Haitians elect president in delayed second round
Haiti's delayed second-round presidential election has been largely peaceful despite isolated incidents that saw two people killed.
UN observers and Haitian election officials said turnout appeared to be larger than the chaotic first round, which was marred by violence and fraud.
Voters had a choice between pop star Michel Martelly, and academic and former first lady Mirlande Manigat.
Counting has begun but final results are not expected until mid-April.
Haitian police chief Mario Andresol said two people were shot dead in clashes between rival political factions in different rural areas.
The AFP news agency said the deaths were in the departments of Nord-Ouest and Artibonite.
Despite the two deaths, there was little violence compared to the first round of the election, in November last year.

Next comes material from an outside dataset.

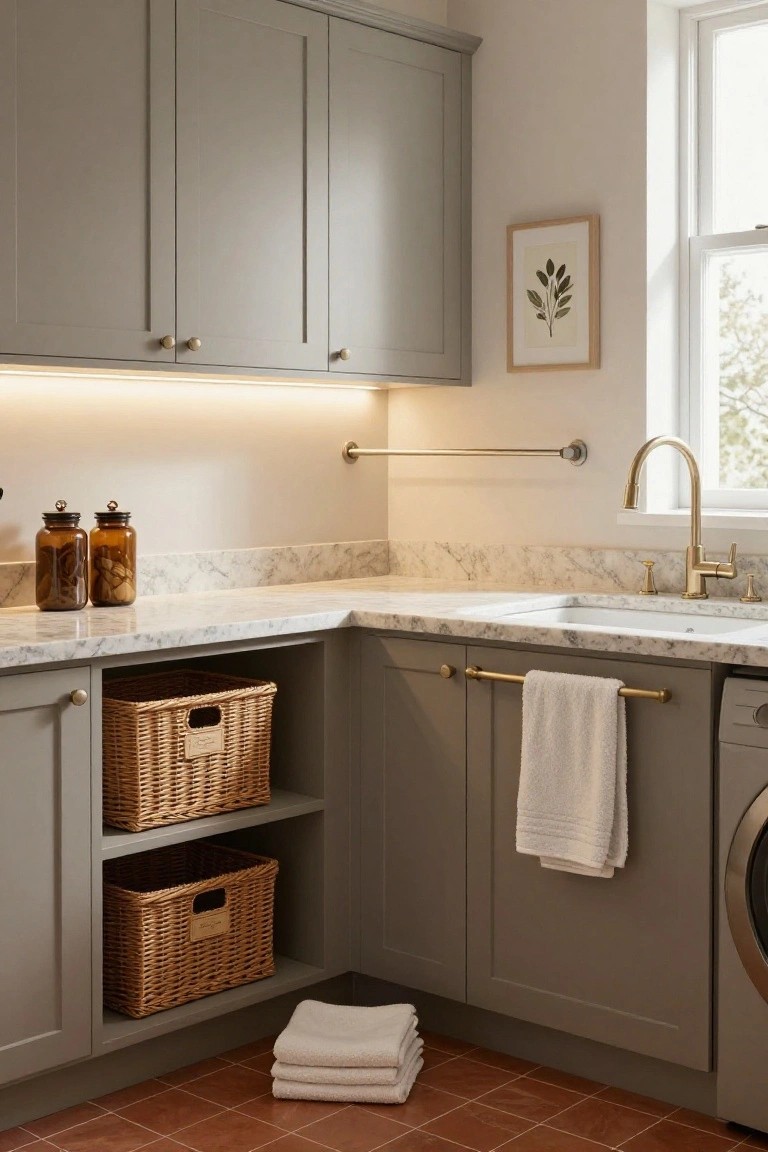 Corner laundry room with light gray shaker cabinets, white farmhouse sink and gold faucet on marble countertop, under-cabinet LED strip lighting, wicker baskets in open shelving, stacked towels on terracotta tile floor.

The head of the Provisional Electoral Council (CEP), Gaillot Dorsinvil, said reports of irregularities at some polling stations would have "no impact on the electoral process as a whole".
Mr Dorsinvil hailed what he described as a large turnout.

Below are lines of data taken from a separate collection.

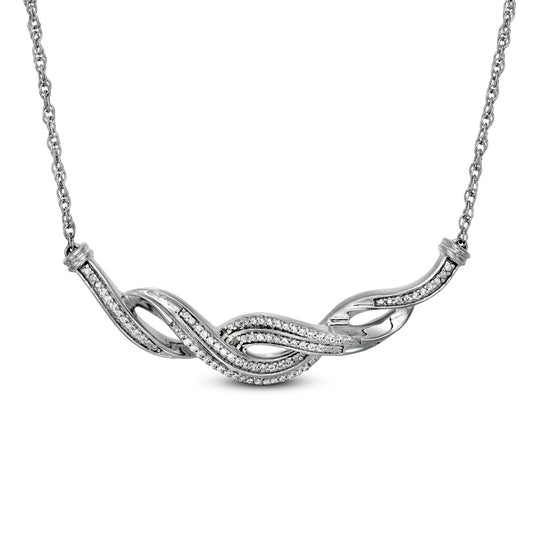 0.2 CT. T.W. Natural Diamond Layered Braid Necklace in Sterling Silver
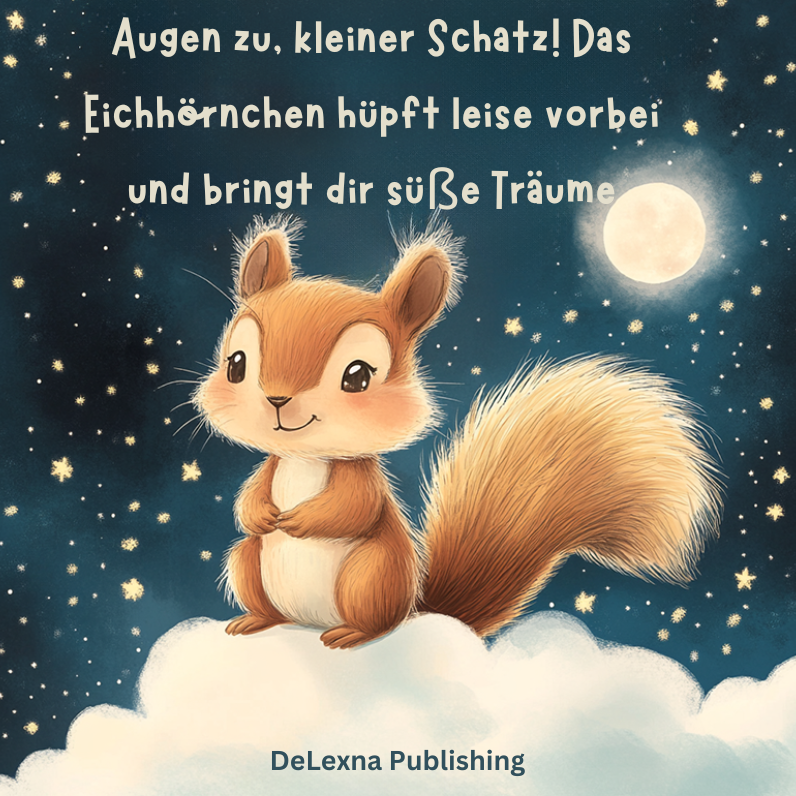 Abbildung eines süßen Eichhörnchens.
Bildtitel: Augen zu, kleiner Schatz! Das Eichhörnchen hüpft leise vorbei und bringt dir süße Träume.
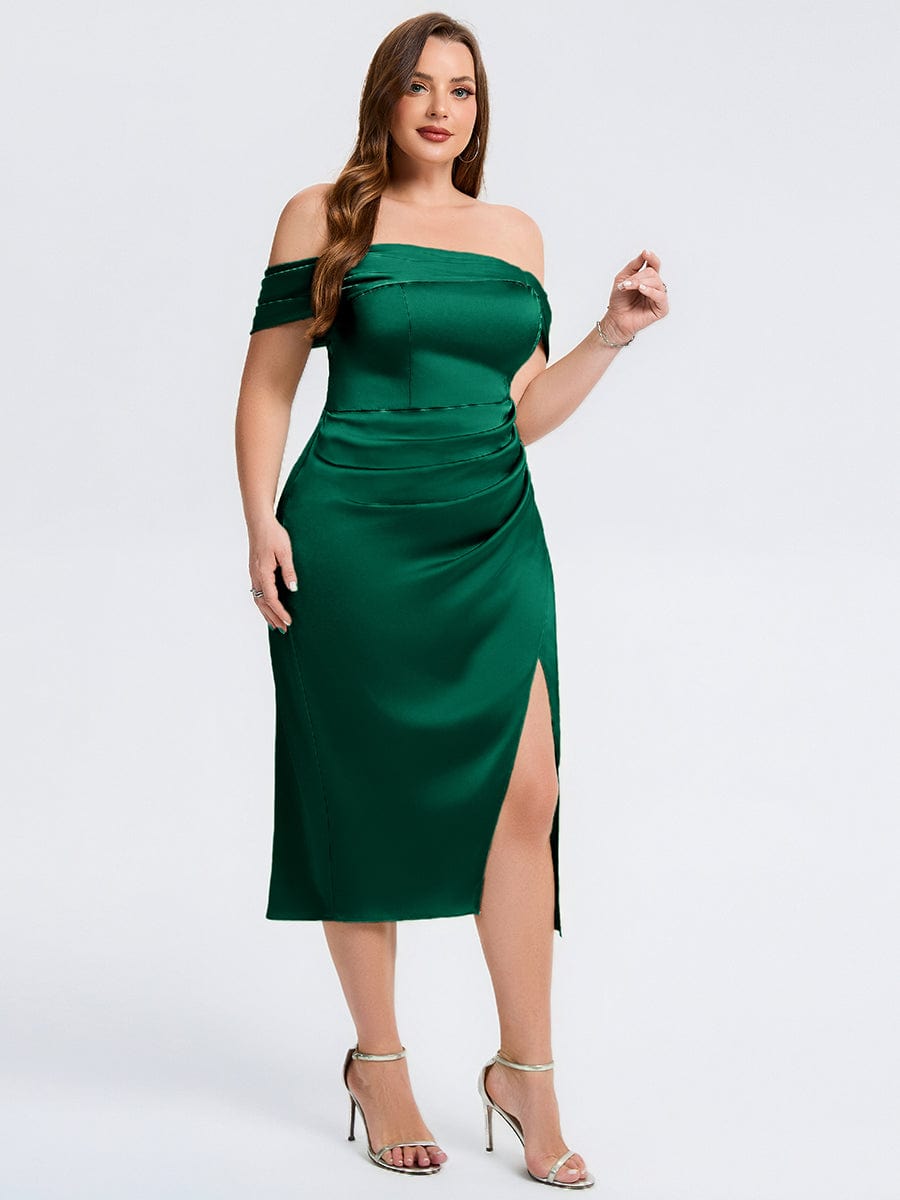 pretty DIANELLE|Plus Size Slit Satin Wedding Guest Dress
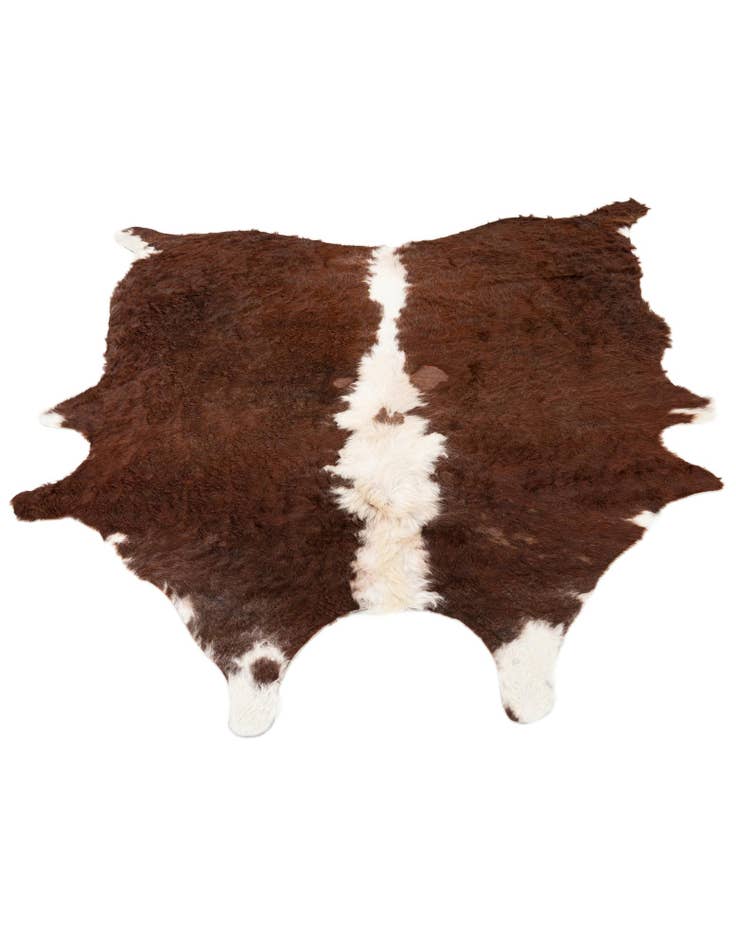 Detail image of 4' 11 x 6' Cowhide Leather Rug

"In a democratic way the Haitian people fulfilled their obligation by voting massively and made their choice."
The head of the UN peacekeeping mission in Haiti, Minustah, also said the event was largely peaceful, with few problems.
"I've seen a lot of differences compared to November 28," said Minustah head Edmond Mulet. "Participation is greater."

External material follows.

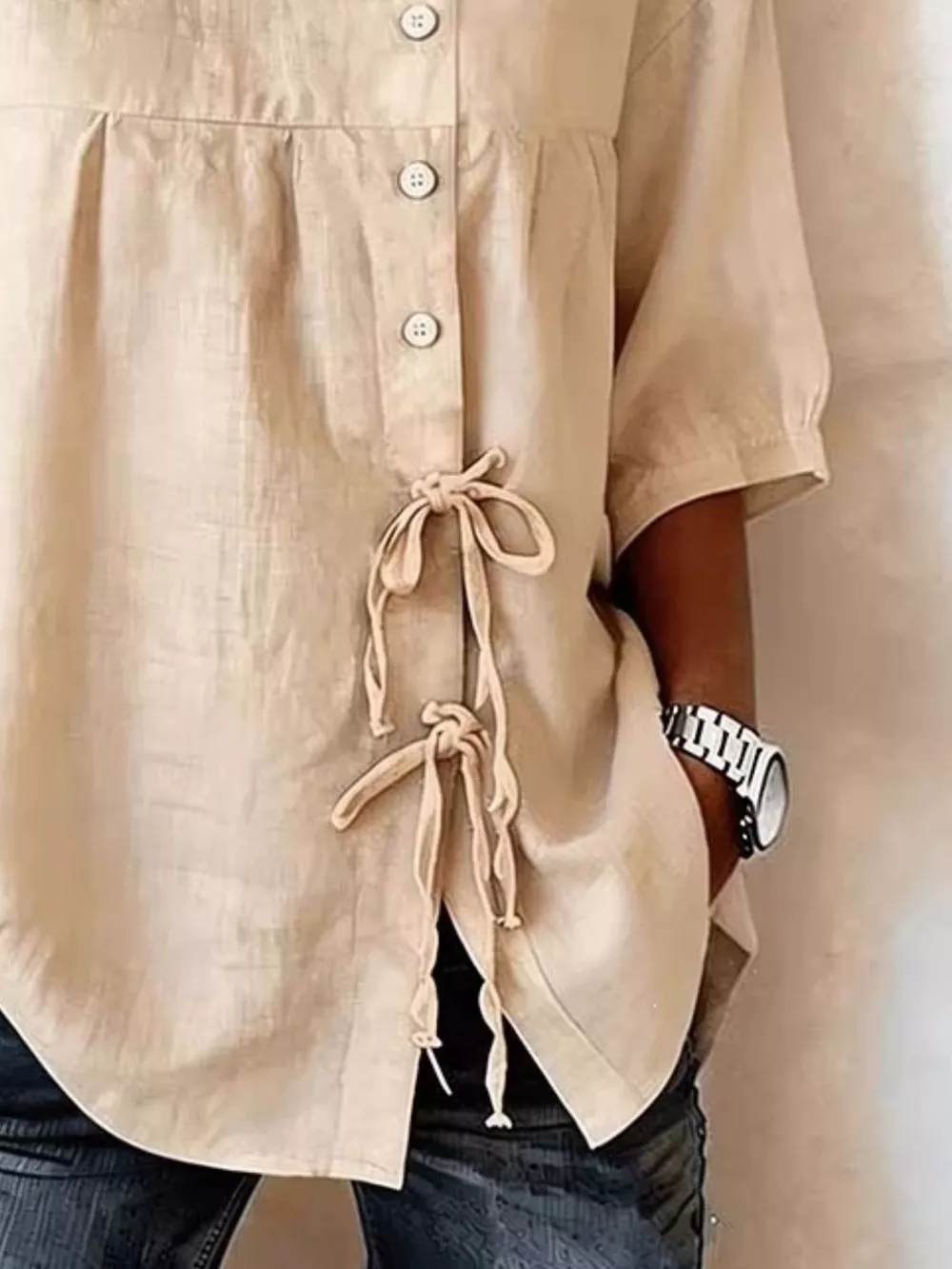 Full Size Decorative Button Tie-Front Blouse Plus Size, image 5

After delays at some polling stations caused by missing voting materials, the CEP extended voting by one hour to 1700 (2200 GMT).
Some had feared that the return of former President Jean-Bertrand Aristide from seven years in exile in South Africa would destabilise the vote.
After arriving in Haiti on Friday, he criticised the exclusion of his party, Fanmi Lavalas, from the elections, which are also for the country's legislature.
The two candidates for the presidency are markedly different: Mirlande Manigat is a 70-year-old academic and wife of a former president, while Michel Martelly, 50, is a singer and entertainer known to his fans as "Sweet Micky".
They emerged after recounts and challenges as the top two from November's chaotic first round, which was marred by violence and fraud.
Whoever wins will face a mammoth challenge.
Haiti is struggling to rebuild after the devastating January 2010 earthquake, with some 800,000 people still living in camps.
The country has also been suffering a cholera epidemic that is likely to flare up again with the start of the rainy season in a few weeks.
International donors are looking for the next president to help restore some stability and be a partner they can work with.
One key factor will be how many of the 4.7 million eligible voters cast their ballots. Only 23% voted in the first round, adding to the accusations of fraud.
Under Haiti's election law, the Provisional Electoral Council is due to announce preliminary results on 31 March, with the final results confirmed on 16 April.